# Black Jack Barbecue Sauce



## hoser (Jul 26, 2009)

Well now, I've been hanging around here long enough...figured it was high time I shared my special barbecue sauce recipe with you good folks, so here it is. It's basically a reduction of whiskey and beer with a little kick to it.

*Dave's Black Jack Barbecue Sauce*

2 bottles prepared chili sauce (I like heinz)
1/4 cup brown sugar 
1/2 cup onion, minced 
2 cloves garlic, minced
2 jalapeno peppers, minced
2 Tbsp cider vinegar
3/4 cup molasses


2 Tbsp Lea and Perrin's worcestershire sauce
2 Tbsp Pickapeppa sauce
juice of two limes
2 Tbsp olive oil
1 12 ounce bottle Samuel Adams Boston Lager
3/4 cup Jack Daniel's old # 7

Heat the olive oil in a large skillet and add jalapenos, garlic and onion. Saute' the mixture until onions are translucent, about 5 minutes.

Add the prepared chili sauce and bring to a boil. While bringing it to a boil, wash out the chili sauce bottles well...we'll need them later. When you reach a boil, add remaining ingredients (except pickapeppa sauce) stir well, and return to a boil.

Reduce heat and simmer sauce for at least 90 minutes...we're trying to reduce it by 1/2 to 2/3 in volume. Simmer as long as it takes.
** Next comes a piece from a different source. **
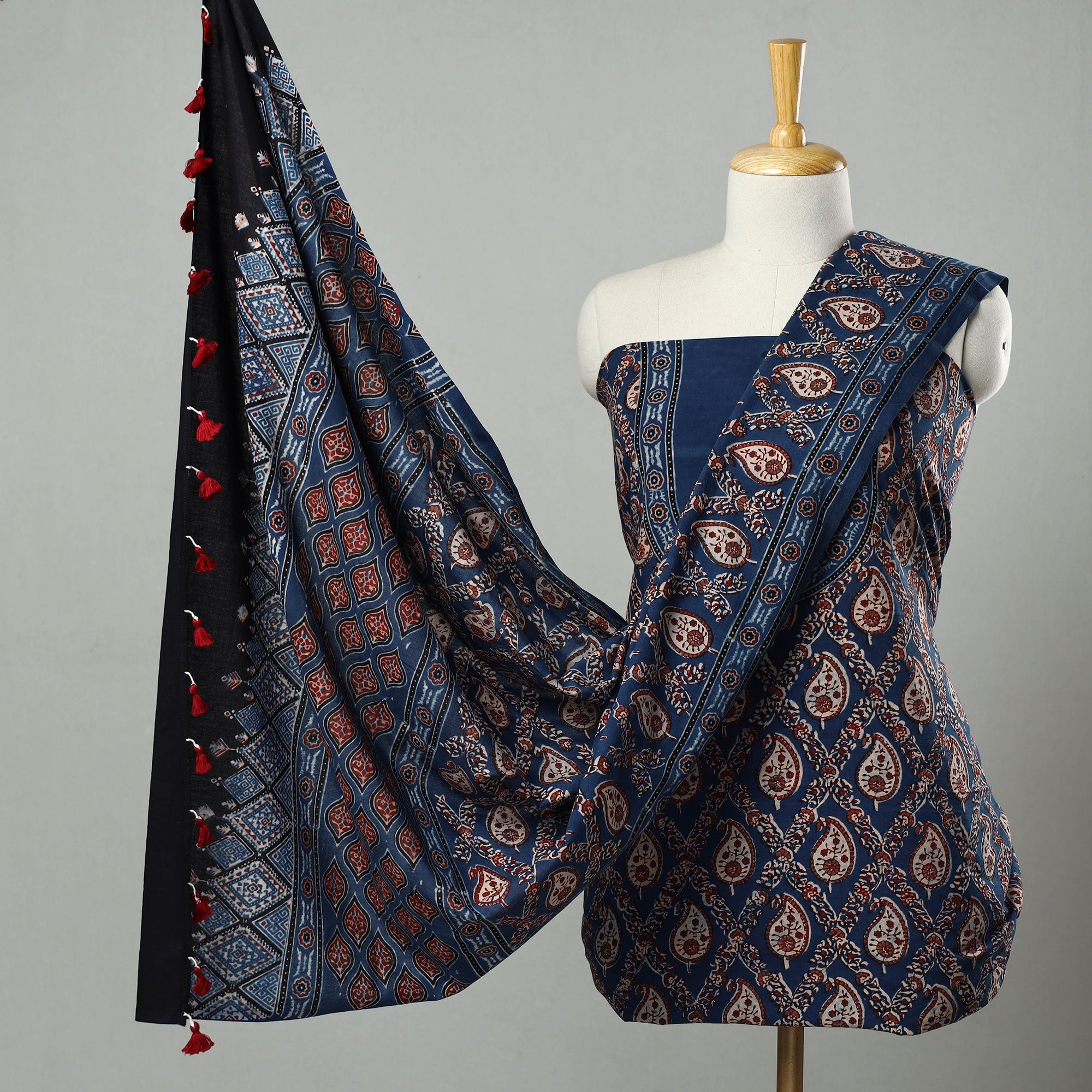 AJRAKH BY JABBAR KHATRI Blue - Hand Block Print Cotton 3pc Ajrakh Dress Material 21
Remove from heat and stir in Pickapeppa sauce. Let cool to room temperature, and store in washed-out chili sauce bottles.

This will last up to a month in the fridge, but trust me...when you taste it it'll be gone in no time.

Enjoy!


----------



## meatball (Jul 26, 2009)

Sounds great and Pickapeppa sauce is one of my favorite condiments in the world! I'll have to give this a try, thanks for posting!


----------



## mballi3011 (Jul 26, 2009)

that sauce sounds really good I'll put it on the list of have to try. Thanks Hoser.


----------



## hoser (Jul 26, 2009)

I'm sure you'll enjoy it guys....always glad to share.


----------



## cajunsmoke13 (Jul 26, 2009)

Sounds good.  Never heard of Pickapeppa sauce.  will have to look to see if anyone carries it here...Thanks for the recipe..


----------



## hoser (Jul 26, 2009)

You can learn all about it here Cajun

http://images.google.com/imgres?imgu...a%3DN%26um%3D1


----------



## dexter (Jul 26, 2009)

Sounds great!!! I am going to add it to my recipes and give it a try.


----------